====== Given information ======

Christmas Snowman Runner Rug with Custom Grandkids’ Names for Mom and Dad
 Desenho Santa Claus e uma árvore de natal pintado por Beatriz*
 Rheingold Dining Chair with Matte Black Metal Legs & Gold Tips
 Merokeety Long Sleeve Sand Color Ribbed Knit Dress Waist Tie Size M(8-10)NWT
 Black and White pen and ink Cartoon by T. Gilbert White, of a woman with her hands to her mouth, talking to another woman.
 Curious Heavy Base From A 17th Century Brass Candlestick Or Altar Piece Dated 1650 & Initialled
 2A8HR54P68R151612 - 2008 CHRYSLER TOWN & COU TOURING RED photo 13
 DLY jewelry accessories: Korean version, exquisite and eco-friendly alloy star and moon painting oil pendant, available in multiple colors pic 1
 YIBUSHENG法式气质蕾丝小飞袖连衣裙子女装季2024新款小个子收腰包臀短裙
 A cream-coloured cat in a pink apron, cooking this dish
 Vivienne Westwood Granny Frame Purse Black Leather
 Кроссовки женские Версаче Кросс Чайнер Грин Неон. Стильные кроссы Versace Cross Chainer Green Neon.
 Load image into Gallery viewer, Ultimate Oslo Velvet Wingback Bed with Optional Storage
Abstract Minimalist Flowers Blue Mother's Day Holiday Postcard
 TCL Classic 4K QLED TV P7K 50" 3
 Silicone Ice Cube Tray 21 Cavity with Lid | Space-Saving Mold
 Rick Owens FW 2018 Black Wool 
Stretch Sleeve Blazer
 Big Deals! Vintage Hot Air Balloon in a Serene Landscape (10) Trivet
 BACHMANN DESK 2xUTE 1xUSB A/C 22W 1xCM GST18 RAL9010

======

**Exercise brief**
The answer should be nothing more than the lines from the one with "YIBUSHENG法式气质蕾" through the end of the entries, restated word for word.

**Response to this task**
 YIBUSHENG法式气质蕾丝小飞袖连衣裙子女装季2024新款小个子收腰包臀短裙
 A cream-coloured cat in a pink apron, cooking this dish
 Vivienne Westwood Granny Frame Purse Black Leather
 Кроссовки женские Версаче Кросс Чайнер Грин Неон. Стильные кроссы Versace Cross Chainer Green Neon.
 Load image into Gallery viewer, Ultimate Oslo Velvet Wingback Bed with Optional Storage
Abstract Minimalist Flowers Blue Mother's Day Holiday Postcard
 TCL Classic 4K QLED TV P7K 50" 3
 Silicone Ice Cube Tray 21 Cavity with Lid | Space-Saving Mold
 Rick Owens FW 2018 Black Wool 
Stretch Sleeve Blazer
 Big Deals! Vintage Hot Air Balloon in a Serene Landscape (10) Trivet
 BACHMANN DESK 2xUTE 1xUSB A/C 22W 1xCM GST18 RAL9010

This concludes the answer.